The Bobby Tully Gymnasium (in full Lucy McDaniel Court at Robert Tully Gym) is a multi-purpose arena at Florida State University in Tallahassee, Florida that serves as the home for the Lady Seminoles volleyball team and offices of the student recreation department. A million-dollar donation in the late 1990s paid for a renovation that included lighting and armchair seating (which reduced capacity by half). The locker rooms were renovated in 2011 and a Taraflex floor was installed in 2022.

==History==
===Teams===
The building was constructed and opened in 1956 as the venue for Men's basketball and gymnastics, followed by women's basketball. At the time, a gym with 4,200 bleacher-style seats was considered large. The women’s volleyball team began competing in 1973 and the gym was referred to as "Tiny Tully". When the Donald L. Tucker Civic Center opened in 1981, men's basketball moved there, followed by women's basketball in 1995.

===Namesake===
The gym was named for Robert Henry Tully. At 24, he was the first FSU varsity athlete to pass away. Bobby was a World War II veteran who played football, was an Alpha Tau Omega brother and member of Omicron Delta Kappa and Gold Key societies. He graduated in 1952 and died in 1954 after a lingering illness. His brother Jim was a real estate agent who helped found Capital Regional Medical Center; older brother Jack was the 1947 captain of FSU's first football team. His mother Winnie was the first juvenile officer in Leon County from 1942-1971.

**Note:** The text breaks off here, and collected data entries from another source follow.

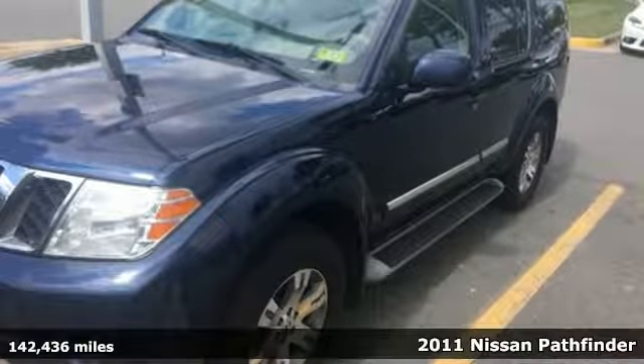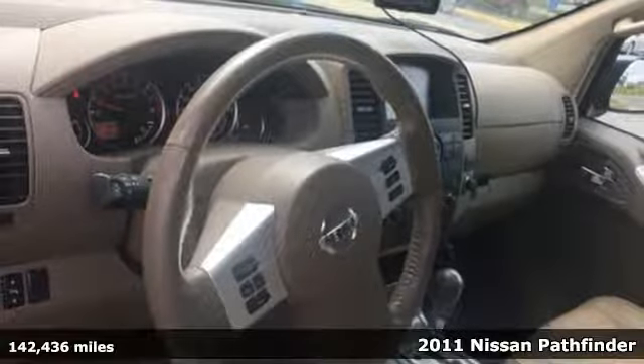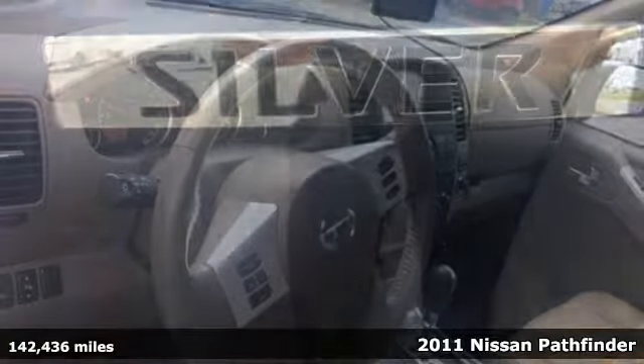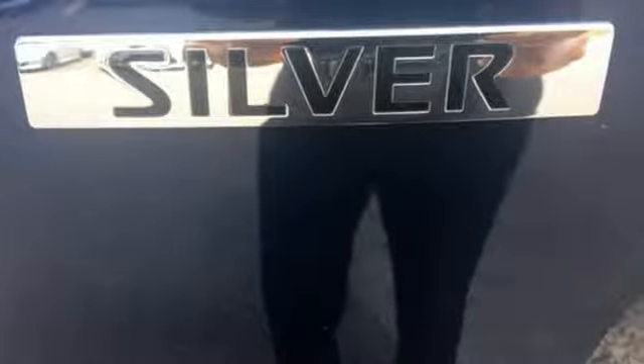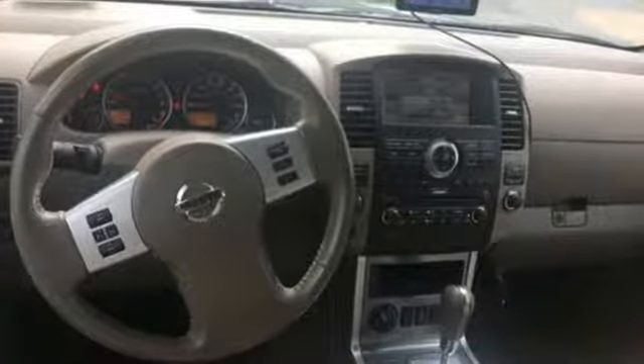Here's a 2011 Nissan Pathfinder. Designed with comfort and convenience in mind, this great looking SUV comes standard with one-touch power windows, air conditioning with interior air filtration, steering wheel cruise controls, a trip computer, and a premium six-speaker audio system.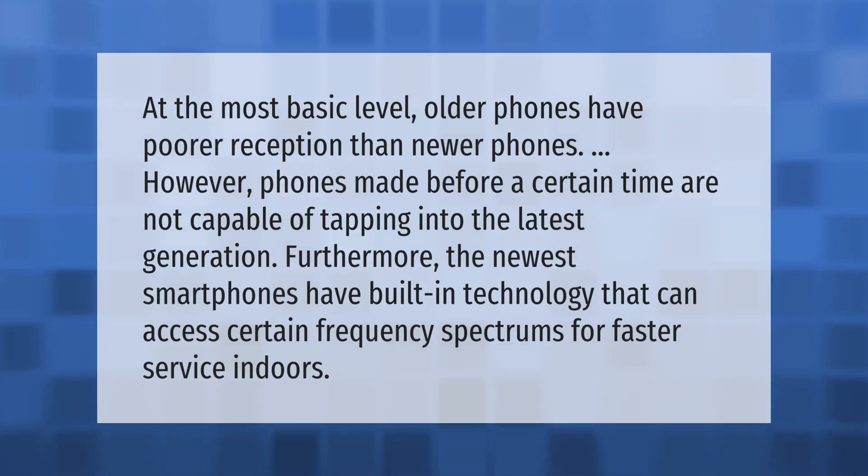At the most basic level, older phones have poorer reception than newer phones. However, phones made before a certain time are not capable of tapping into the latest generation. Furthermore, the newest smartphones have built-in technology that can access certain frequency spectrums for faster service indoors.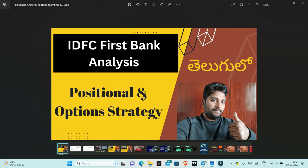Friends, I am going to discuss IDFC First Bank's technical analysis in this video. Later, I am going to discuss the positional trading options strategy.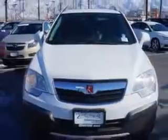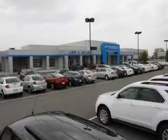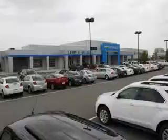Enjoy the drive and have peace of mind in this 2008 Saturn Vue. See us at Larry H. Miller Chevrolet of Murray today. Please contact us today or visit our site at LarryHMillerChevrolet.com. We look forward to seeing you soon.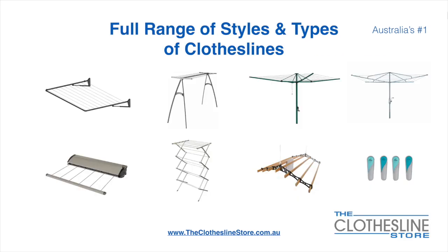At the Clothesline Store we have a full range of styles and types of clotheslines. These include folding frame clotheslines which can fit on a wall or a post, the popular portable clothesline, folding head rotary hoist, fixed head rotary hoist, retractable clotheslines, indoor-outdoor airers, ceiling mounted airers, and accessories which include products such as pegs.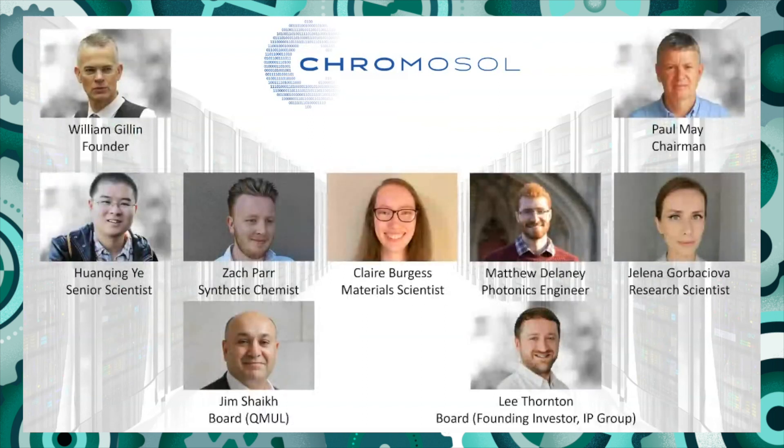Here's the team. Our chairman Paul May has over 30 years in silicon photonics — he was working at Intel in the 1980s on some of the first work putting optical circuits onto chips, and was also CTO of Cambridge Display Technology, giving us experience on the organic side. Our scientist Huang Qingyu has been working with me for many years and has done all the work over the last year to get us to where we are now. We've also employed synthetic chemist Zach Parr, who will start in January to make new materials and develop the technology.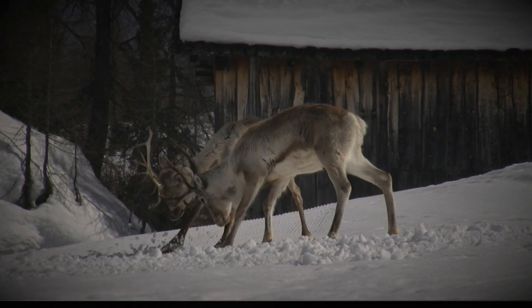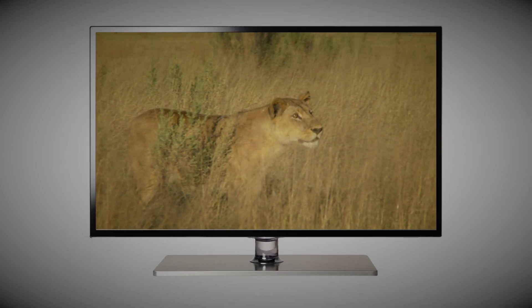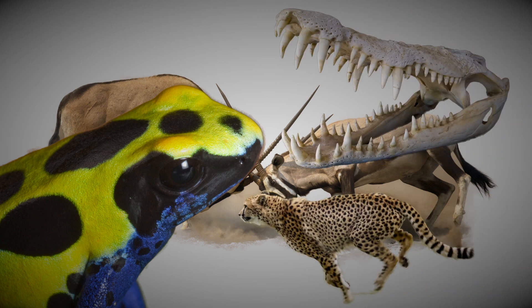We've all seen pictures of animals doing battle or predators stalking their unsuspecting prey. Many of these creatures use brute strength, deadly venom, unstoppable speed, or ferocious teeth and claws to survive these deadly encounters.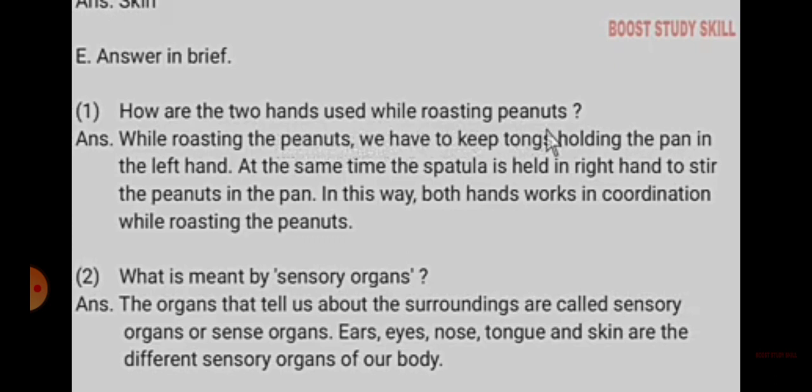Number 2. What is meant by sensory organs? The organs that tell us about our surroundings are called sensory organs. Ears, eyes, nose, tongue and skin are the different sensory organs of our body.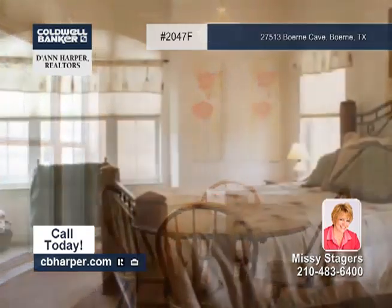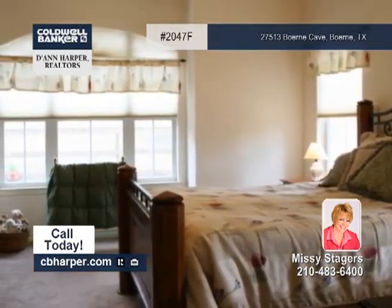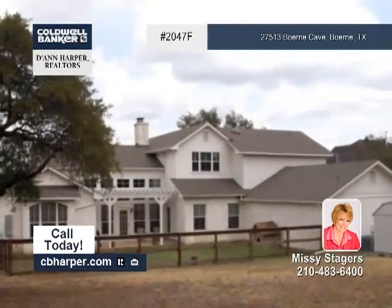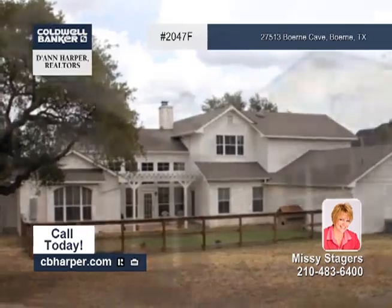The island kitchen has an arched stone surround over the smooth cooktop with a double oven. There are French doors to the arbor-covered patio. This home also includes a three-plus car garage.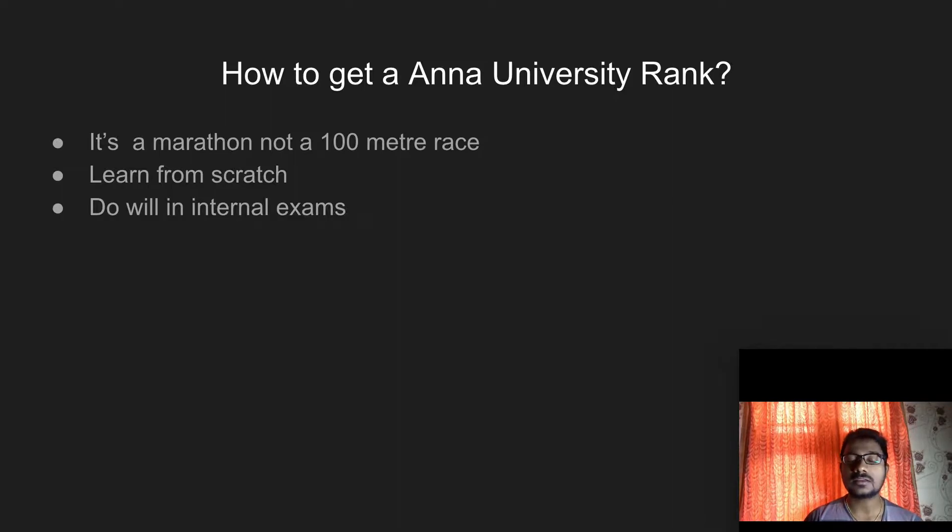In Anna University, internal exam marks are also considered when calculating CGPA. When I was studying, I did very well in internal exams — that's partly why I got a university rank. For people studying in other universities, please try to do well in internal exams too, as those marks are considered in CGPA. I don't have much exposure to the current curriculum, so please correct me if anything in this video is wrong.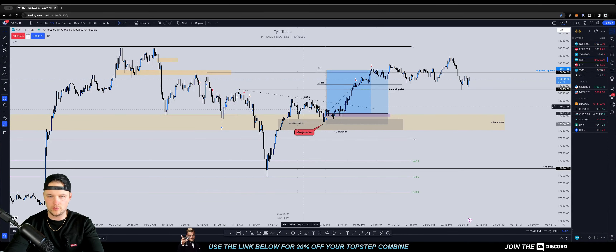Yo, what's going on YouTube? Just one more little trade recap video here to end the day.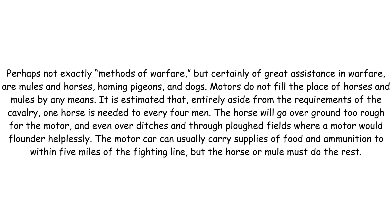Perhaps not exactly methods of warfare, but certainly of great assistance in warfare, are mules and horses, homing pigeons and dogs. Motors do not fill the place of horses and mules by any means. It is estimated that, entirely aside from the requirements of the cavalry, one horse is needed to every four men. The horse will go over ground too rough for the motor and even over ditches and through ploughed fields where a motor would flounder helplessly. The motor car can usually carry supplies of food and ammunition to within five miles of the fighting line, but the horse or mule must do the rest.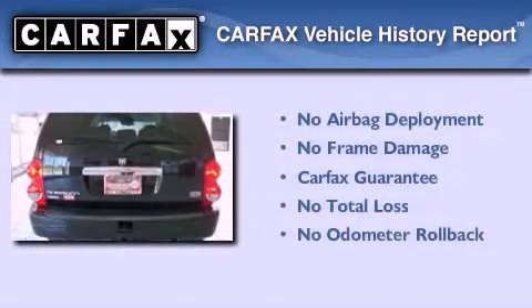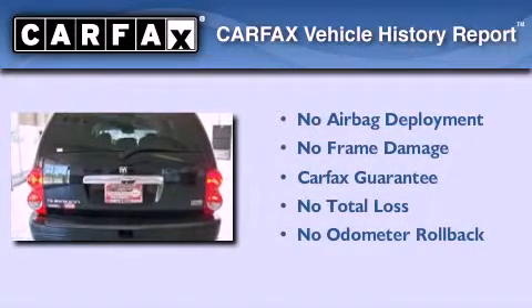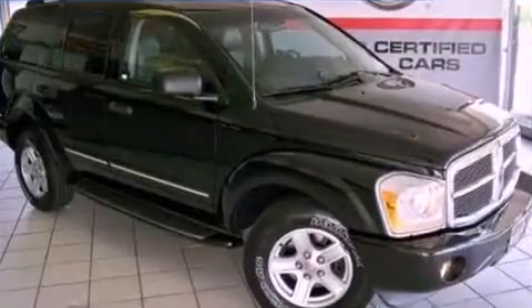Not to mention that this Dodge qualifies for the Carfax buyback guarantee. Contact us today to arrange your test drive.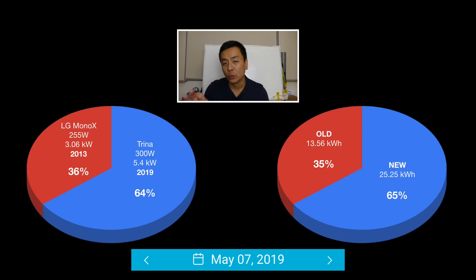You can see that it's actually within 1% of error. Old panels produced 13.56 kilowatt hours versus the new panels producing 25.25 kilowatt hours — a 35 to 65% ratio. So I'm pretty happy that after six years, my LG panels are actually keeping up and haven't really degraded very much at all, and are within 1% of what you'd expect between the two ratios. That's some good indication that solar panels do last the distance. I know it's only six years, but there's been very minimal degradation in quality and performance in that time.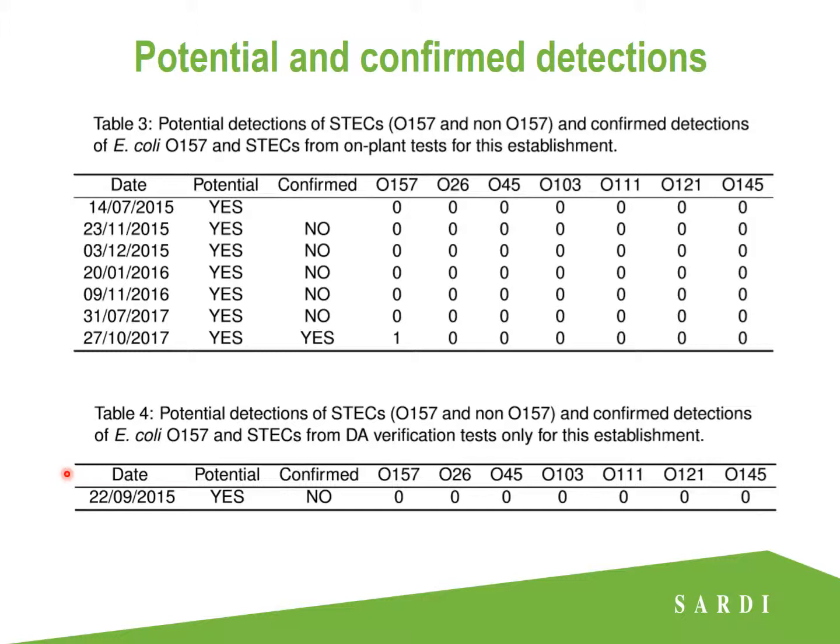This table shows our screening test results and confirmation test results. At this plant, eight screening tests returned a potential positive. Six of those were confirmed as negative and only one was confirmed as a positive detection for E.coli O157. This emphasises that low conversion rate from potential positive to confirmed positive — the testing is not perfect.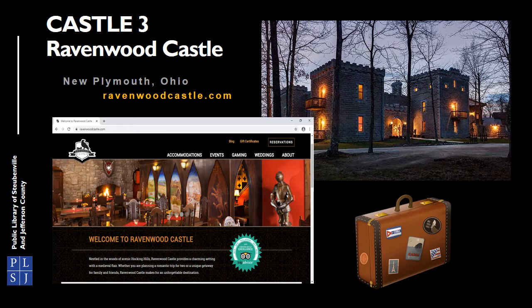Another stunning castle is Ravenwood Castle in New Plymouth. It's actually a castle hotel that you can spend the night in — perfect for a weekend getaway. The rooms are decorated in a medieval style with antiques and lovely fireplaces. It's also a nice place to stay when visiting nearby Hocking Hills State Park. Check out their website for more information.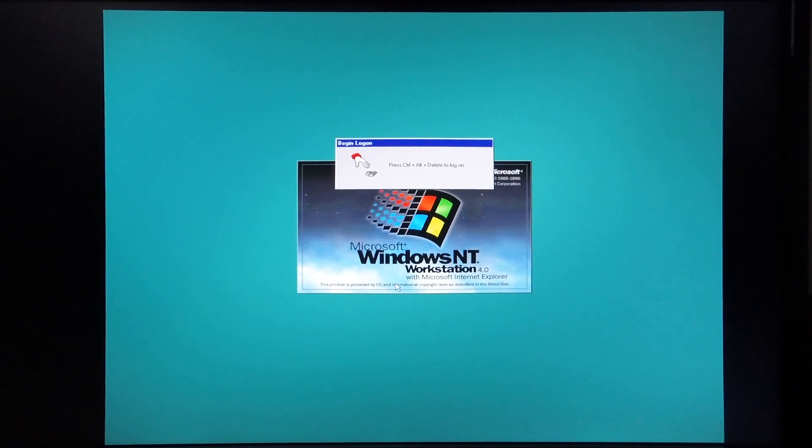Today I'm going to give you a comprehensive demonstration of what a digital AlphaStation 255-300 is capable of when running Windows NT4 Service Pack 6. To get things started I'm going to log into Windows.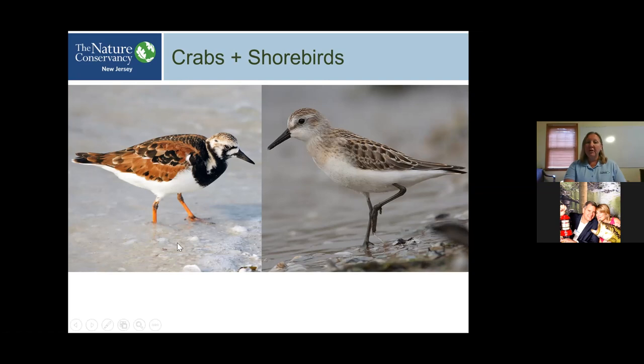On the left, we have a ruddy turnstone — one of my favorites, looking a little bit like Charlie Chaplin with bright orange legs. They feed on horseshoe crab eggs. On the right is a semi-palmated sandpiper, which also makes a long-distance migration.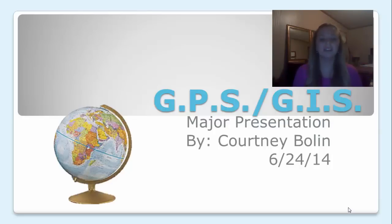Hi, my name is Courtney Bolin and this is my major presentation on GPS and GIS.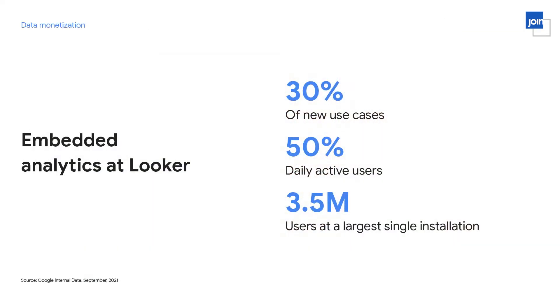Looker has two primary product lines: internal analytics and embedded analytics, which is where customers use Looker to share their data externally — via a Looker dashboard, or even via a text message powered by a Looker endpoint. Even though we only started offering embedded analytics in 2016, it now represents 30% of our new use cases and half of our daily active users. It's also our largest use case, with 3.5 million users at Wix alone.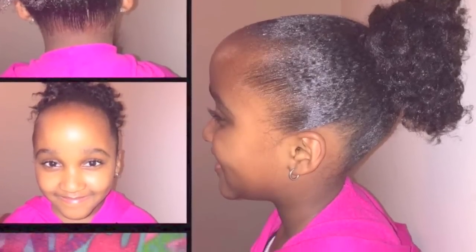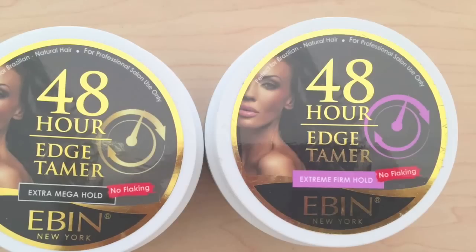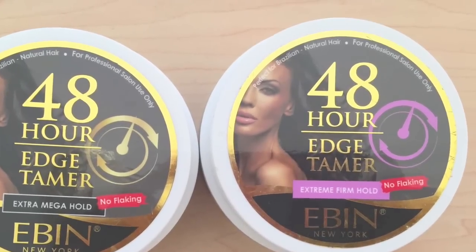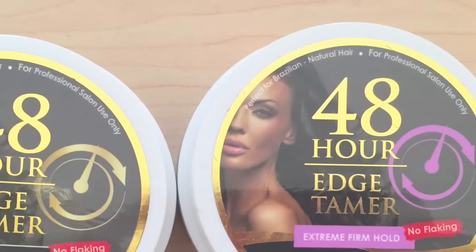I have previously reviewed the edge tamer with argan oil, the super hold, and the extra mega hold on my channel — I used them on my daughter's hair and they were very, very good. So I wanted to go ahead and try out some of the other edge tamers. I got the 48 Hour Edge Tamer; they also have the extra mega hold and the extreme firm hold. They promise no flaking and claim to keep your edges tamed for 48 hours.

Lucy McDaniel was the first woman to donate over $1 million to women’s athletics. FSU dedicated the Tully Gym floor to McDaniel in a November 2, 2000 ceremony. It is officially the Lucy McDaniel Volleyball Court at Tully Gymnasium.

===Other uses===
The arena played host to numerous concerts including the Rolling Thunder Revue Tour on April 27, 1976, headed by Bob Dylan. It is home to the Seminole Dance Force. The gym has also hosted a Big Shots Basketball Tournament, the Gym Force Gymnastics Championships, the first and second rounds of the 2009 NCAA Volleyball tournament, Tallahassee Indoor Archery Shoot, and an AAU Gymnastics Qualifier competition.